I’ll tell you what bothers me. It’s when I go to Mass, minding my own business, and the priest says something like, “Is there anything or anyone you really need to forgive?”
Ah, yeah. There is something and definitely someone. And it is the same something and the same someone that I always think of when I hear a homily like this or when it comes up at a retreat or in spiritual direction or confession or whatever. It comes up often enough, alright? And I’m not going to spell it out here. God knows what I am talking about.
I’ll tell you what bothers me. It’s when I go to Mass, minding my own business, and the priest says something like, “Is there anything or anyone you really need to forgive?”
But I just cannot seem to let it go. And frankly, I don’t appreciate being reminded of it. I would much rather just try to forget about it. Usually, I will say a little prayer I don’t really mean, like: “God, can you help me with this? Can you take this grudge away from me?” And then somewhere in my subconscious, I imagine, I say: “Oh, you can’t help me just now? O.K., no problem, God. I don’t really want to forgive this anyway. Because this person doesn’t deserve it.”
That’s how it goes. Every time. Do you have something like that? Do you have someone you just cannot seem to forgive? Someone who did something you consider unforgivable, either to you or to someone you love? Or worse, do you, like me, fool yourself into thinking you have actually forgiven that person or that thing that happened? Then, snap, the surge of anger. The pain of it, re-lived. You haven’t really forgiven it, and you certainly haven’t let it go.
It’s the worst. I hate thinking about this. And Jesus is telling me, “Be merciful, just as your Father is merciful”? Come on, Lord! If I may confess my great weakness here, I don’t know if I will ever be able to forgive this person for this thing. I hope I can someday—for my own sake!
Please take this grudge away from me. Please forgive me for holding onto it so long. Please give me the grace to be merciful as you are merciful.
For the most part, I don’t really judge or condemn others. I am a sinner, too. I get it. And I feel like, in general, I am not bad at forgiving. I am not in the hall of fame of forgiveness or anything, but there have been some big ones.
Yet Jesus is not asking me to be merciful 99 percent of the time. I am not called to be a Christian “most of the time.” I cannot let myself off the hook because I am almost always a forgiving person. Because God isn’t almost always merciful. He is mercy itself.
Oh Lord, how I wish I could be more like you! I wish I could let this go. Please take this grudge away from me. Please forgive me for holding onto it so long. Please give me the grace to be merciful as you are merciful.
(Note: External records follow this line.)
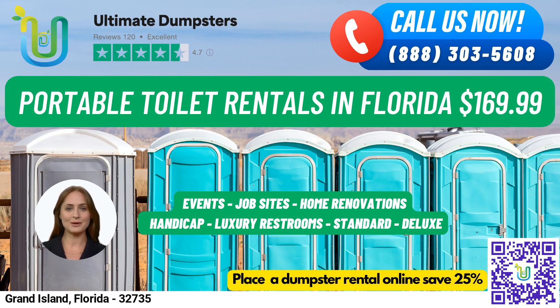Trailer-mounted units typically come equipped with multiple stalls and other amenities. Our high-rise portable toilets are designed for use on high-rise construction sites or other locations where standard portable toilets may not be accessible. They can be lifted by a crane or other lifting device to reach upper floors. Our VIP portable toilets are designed to provide a more luxurious experience. They may come equipped with amenities such as air conditioning, lighting, mirrors, and even music systems.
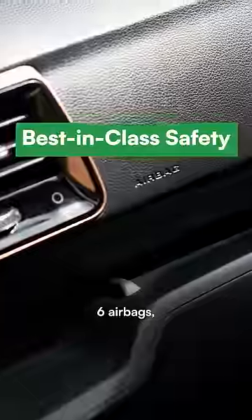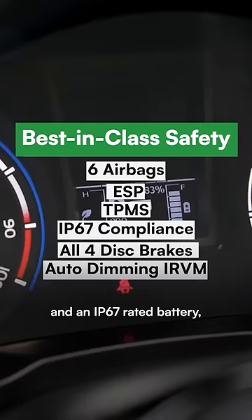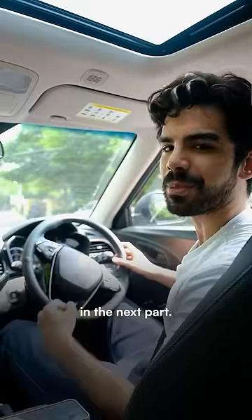The XUV400 comes with six airbags, all disc brakes, and an IP67 rated battery. And here's an interesting fact before you go — it can travel up to 456 km on a single charge, but more about that in the next part.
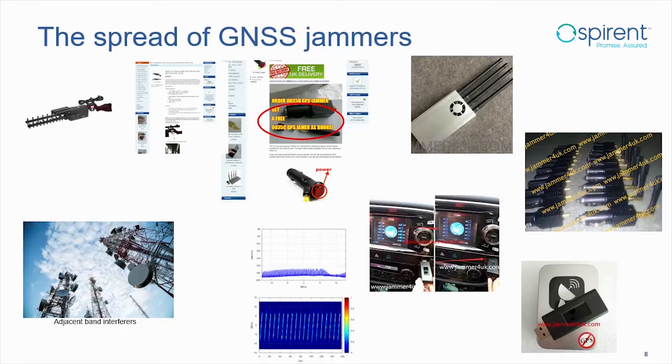GPS jammers — there are a lot of them around now. You can find them online; if you search for GPS or GNSS jammers you'll get loads of websites. There are factories with jammers on the assembly line, USB jammers, and even a UK company advertising buy-one-get-one-free GPS jammers. There's also the issue of adjacent band interferers: with more spectrum squeeze for 5G, transmitters will be very close to GPS frequencies transmitting at thousands of times the power.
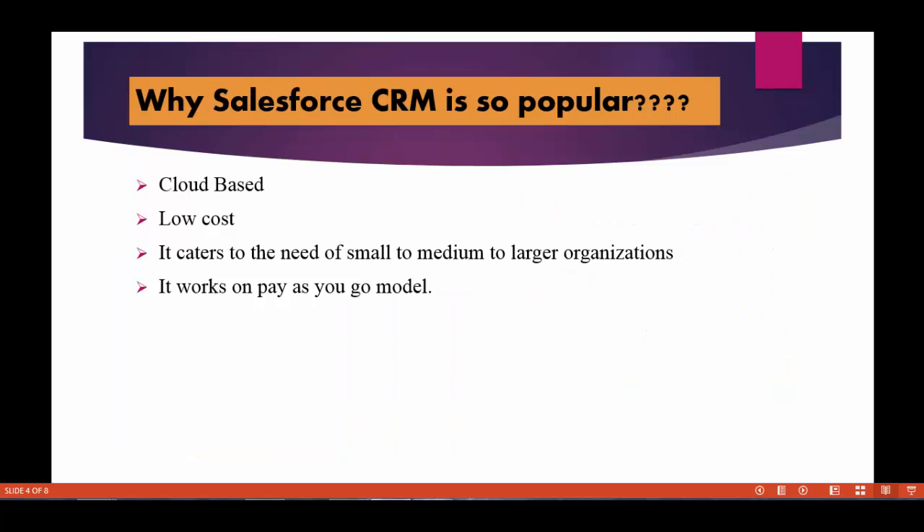There are so many CRM tools available in the market right now. Why is Salesforce CRM so popular? One of the reasons is that it's cloud-based.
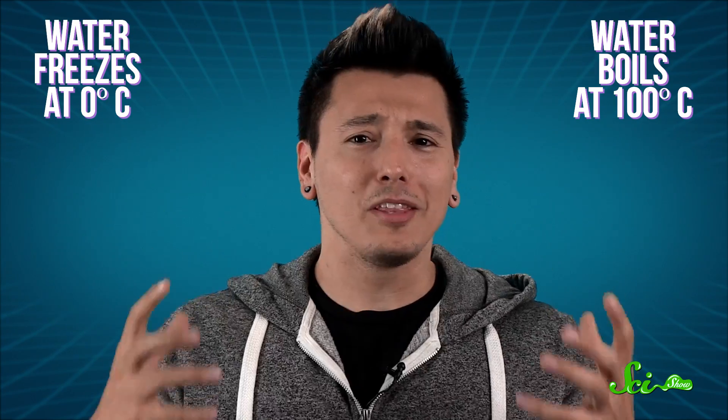At standard pressure, water freezes at zero degrees Celsius and boils at 100 degrees. Standard science, right? The freezing and boiling points of water are how we define the entire Celsius temperature scale.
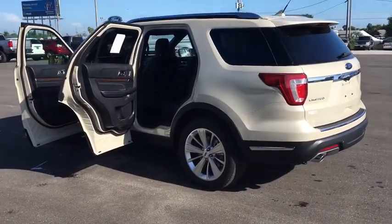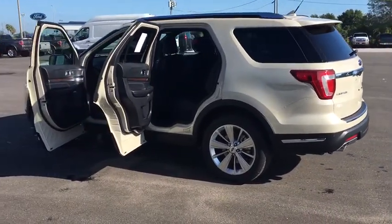Searching for a dependable vehicle that looks great too? You found it, so stop in today.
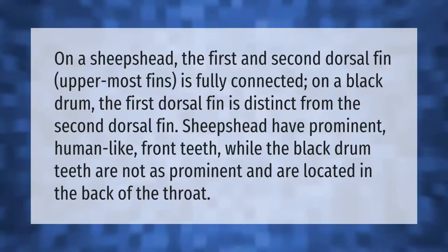On a sheephead, the first and second dorsal fin — the uppermost fins — are fully connected. On a black drum, the first dorsal fin is distinct from the second dorsal fin. Sheephead also have prominent human-like front teeth, while the black drum's teeth are not as prominent and are located in the back of the throat.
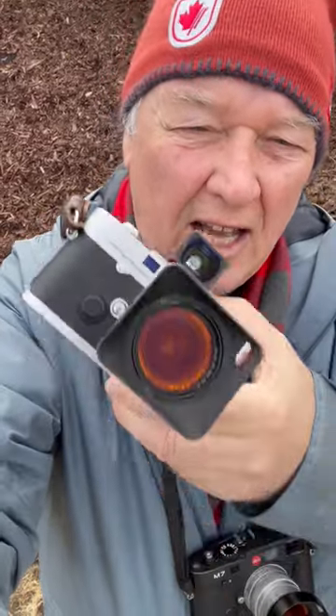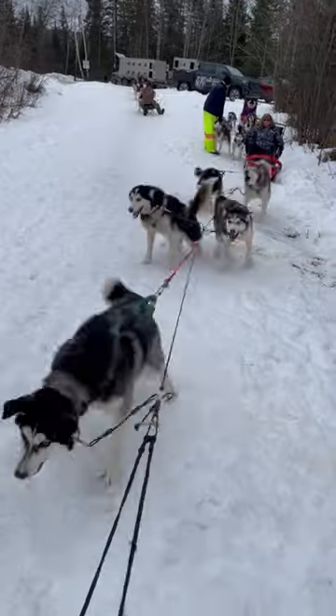I've got two cameras with me, both loaded with film. I've got a Leica M7 with a Zeiss 35 F2 on it, and a Leica MP with a Zeiss 25/28 on it. Both cameras are loaded with Ilford FP4 — that's 125 ISO — and both have an orange filter on them to darken the sky if there's going to be sky in the photo.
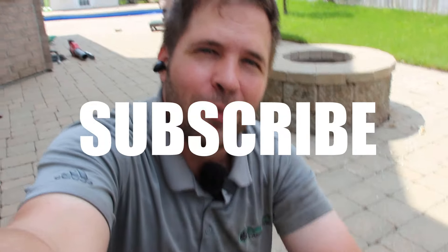I hope this video helped you in some way. If it did, please give it a like and subscribe to this YouTube channel for more hardscaping content. Thanks so much for watching.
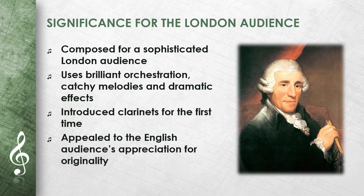Symphony No. 99 was composed for a demanding London audience. Haydn took English tastes into account by using brilliant orchestration, catchy melodies, and dramatic effects. The introduction of clarinets and the innovative treatment of the orchestra particularly appealed to the English audience, who appreciated Haydn's originality and his ability to renew music.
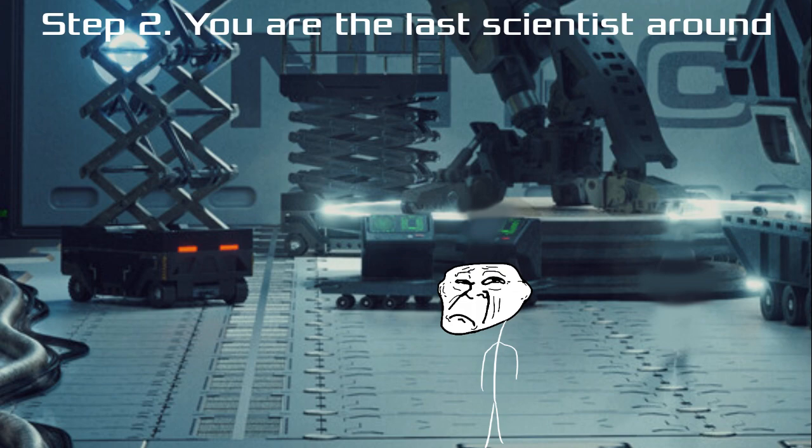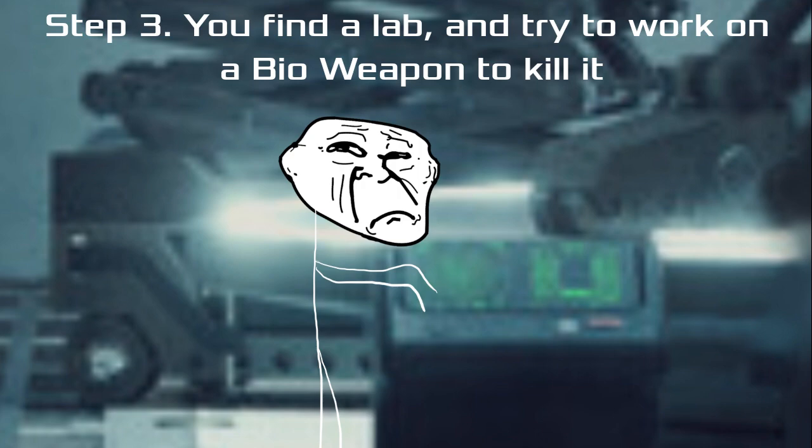Step 2: You're the last scientist around. Step 3: You find a lab and try to work on a bioweapon to kill it.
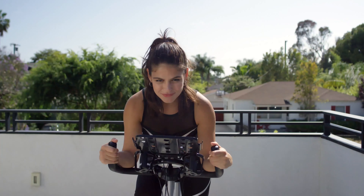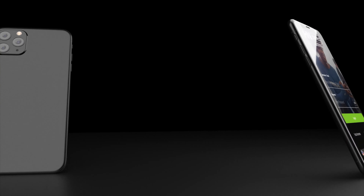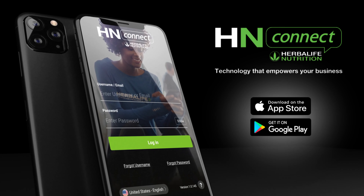Never miss another important update about your business again. Push notifications — just one of the many features available on the HN Connect app. HN Connect: technology that empowers your business. Available now on the App Store and Google Play.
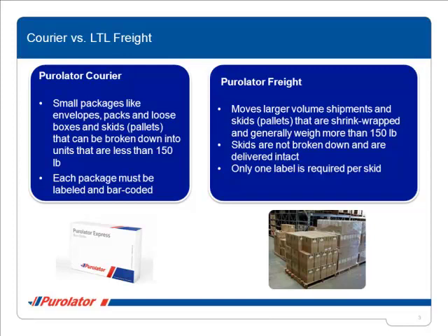Purolator Freight provides LTL delivery services from and to most points in Canada. Our freight service moves larger volume shipments and skids that are shrink-wrapped and generally weigh more than 150 pounds. Skids are not broken down and are delivered intact. Only one label is required per skid regardless of the number of pieces on the shrink-wrapped skid. Our less-than-truckload service can fill a trailer with skids from different customers, which is more efficient and creates cost savings for your shipments.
Get to know J.D. Long-García, Senior Editor
What are you giving up for Lent?
This year, it is more of a “doing” than a “giving up” Lent for me. I’m drinking more water, getting more exercise (it’s a low bar right now) and reading Learning to Pray: A Guide for Everyone, by America’s editor at large, James Martin, S.J.
Do you cheat on Sundays?
Is it cheating to celebrate the resurrection? Just kidding, no. No cheating.
Favorite non-meat recipe
Plantains. Fried, boiled, mashed, whatever.
Favorite Lenten art
Fra Angelico’s “Christ on the Cross Adored by St. Dominic” (There may be more than one of these, but I like the one with less blood, blue backdrop.)